Evaluating the generalizability and transferability of water distribution deterioration models
More Info
expand_more
Abstract
Small utilities often lack the required amount of data to train machine learning-based models to predict pipe failures, and hence are unable to harness the possibilities and predictive power of machine learning. This study evaluates the generalizability and transferability of a machine learning model to see if small utilities can benefit from the data and models of other utilities. Using nine Norwegian utilities’ datasets, we trained nine global models (by merging multiple datasets) and nine local models (by utilizing each utility's dataset) using random survival forest. Several pre-processing techniques including addressing left-truncated break data and break data scarcity are also presented.

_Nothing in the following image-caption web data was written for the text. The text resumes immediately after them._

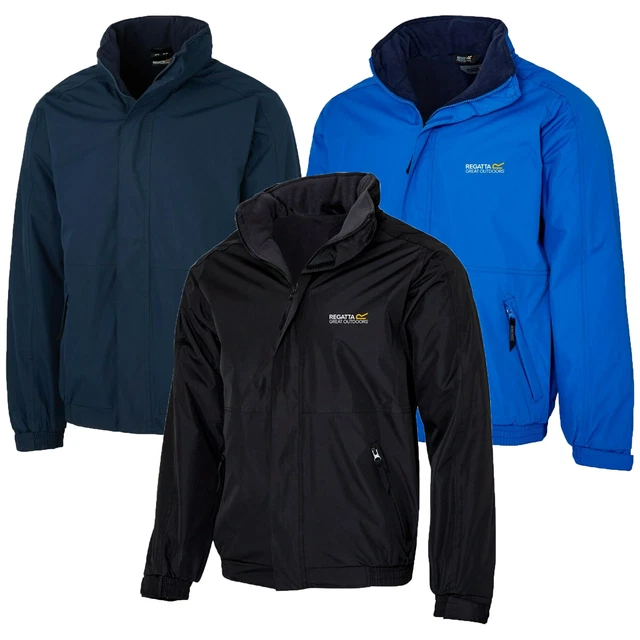Regatta Dover Mens Hooded Fleece Lined Waterproof Jacket Rain Coat  RRP £70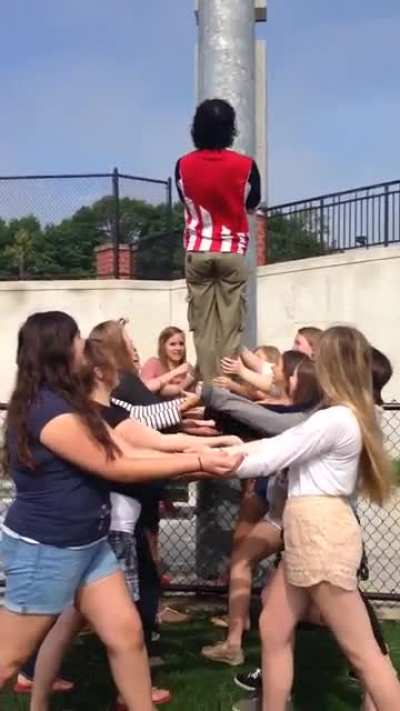 This trust fall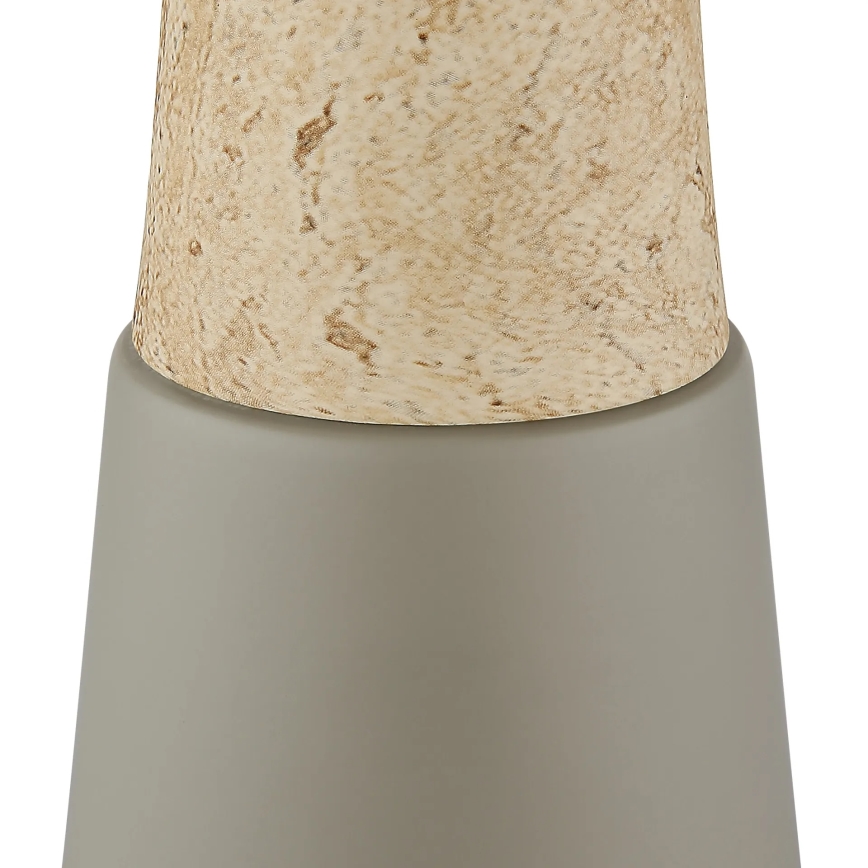 Globo - Stolní lampa 1xE27ILLU/40W/230V šedá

The global models and three of the local models were tested to predict the pipe failure of the utilities which were not included in their training datasets. The results indicate that the global models can predict other utilities with sufficient accuracy while local models have some limitations. However, if a representative utility with a sufficiently large (and information rich) dataset is selected, its model can predict the other utility's pipe breaks as accurate as the global models. Furthermore, survival curves for defined cohorts as proxies for uncertainty, and variable importance show that pipes with and without previous breaks behave extremely different. With the understanding of models’ generalizability and transferability, small utilities can benefit from the data and models of other utilities.